Histogram: To create a histogram for each level of the factor, we need to set the position argument to "identity". This creates a separate histogram for each level of the factor. To avoid the histograms being plotted on top of each other, we set the alpha argument to 0.5. This makes the histograms transparent.

Densityplot: The densityplot is similar to the histogram. We map the factor to the fill aesthetic and set the alpha argument to 0.5 to create overlayed densityplots for each level of the factor. The position argument has the same effect as for geom_histogram. The difference is that default are overlayed densityplots. Using position="stack" creates stacked densityplots.

By changing the x and y mapping, the boxplot can be made horizontal. See Figure 3.6.

Code
g <- ggplot(data=mtcars, mapping=aes(x=mpg, y=cyl, color=cyl)) +
    geom_boxplot() +
    labs(x="MPG", y="Cylinders", title="Boxplot") +
    theme(legend.position="none")
g
Horizontal boxplot grouped by a factor

Figure 3.6: Horizontal boxplot grouped by a factor

3.2 Visualizing two variables

The introductory example showed the relationship between two variables using a scatterplot. Scatterplots are a good choice if the number of data points isn’t too large. If the number of points gets larger, data points will be shown on top of each other. In this case, using transparent points, will reveal the density of the data. The argument alpha changes the transparency. alpha=1 is the default no transparency.
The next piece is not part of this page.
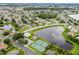 Expansive aerial view showcasing a neighborhood with lakes, mature trees, and community amenities, including a pool and tennis courts at 2888 Middleton Cir, Kissimmee, FL 34743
Reducing it increases the transparency; 0 makes the point invisible. A good starting point is 0.5. Always try a variety of alpha values to see which one works best for your data. See Figure 3.7 that demonstrates the effect of adding transparency.

Code
auto <- ISLR2::Auto %>%
    mutate(cylinders=as.factor(cylinders))

g1_1 <- ggplot(data=auto, mapping=aes(x=weight, y=mpg)) +
    geom_point() +
    labs(x="Weight", y="MPG", title="Scatterplot")
g1_2 <- ggplot(data=auto, mapping=aes(x=weight, y=mpg)) +
    geom_point(alpha=0.5) +
    labs(x="Weight", y="MPG", title="Scatterplot with transparency")

g1_1 + g1_2
Using transparency if overplotting occurs

Figure 3.7: Using transparency if overplotting occurs

For very large datasets, it is better to use a heatmap or a two-dimensional density plot. Figure 3.8 shows the two versions of the heatmap for the ISLR2::Auto dataset.

Code
g1 <- ggplot(data=auto, mapping=aes(x=weight, y=mpg)) +
    geom_bin_2d(bins=15) +
    labs(x="Weight", y="MPG", title="Rectangular heatmap")
g2 <- ggplot(data=auto, mapping=aes(x=weight, y=mpg)) +
    geom_hex(bins=15) +
    scale_fill_viridis_c(direction=-1) +
    labs(x="Weight", y="MPG", title="Hexagonal heatmap")

g1 + g2
Visualizing two variables with a heatmap

Figure 3.8: Visualizing two variables with a heatmap

The functions geom_bin_2d and geom_hex create heatmap representations of the distribution. The first uses rectangular, the second hexagonal patches. Use the bins argument to change the number of bins in a direction.Similar to histograms, try different values for bins for your data. There are other arguments to control binning. In the second example, we use a different colormap. Check the documentation for details.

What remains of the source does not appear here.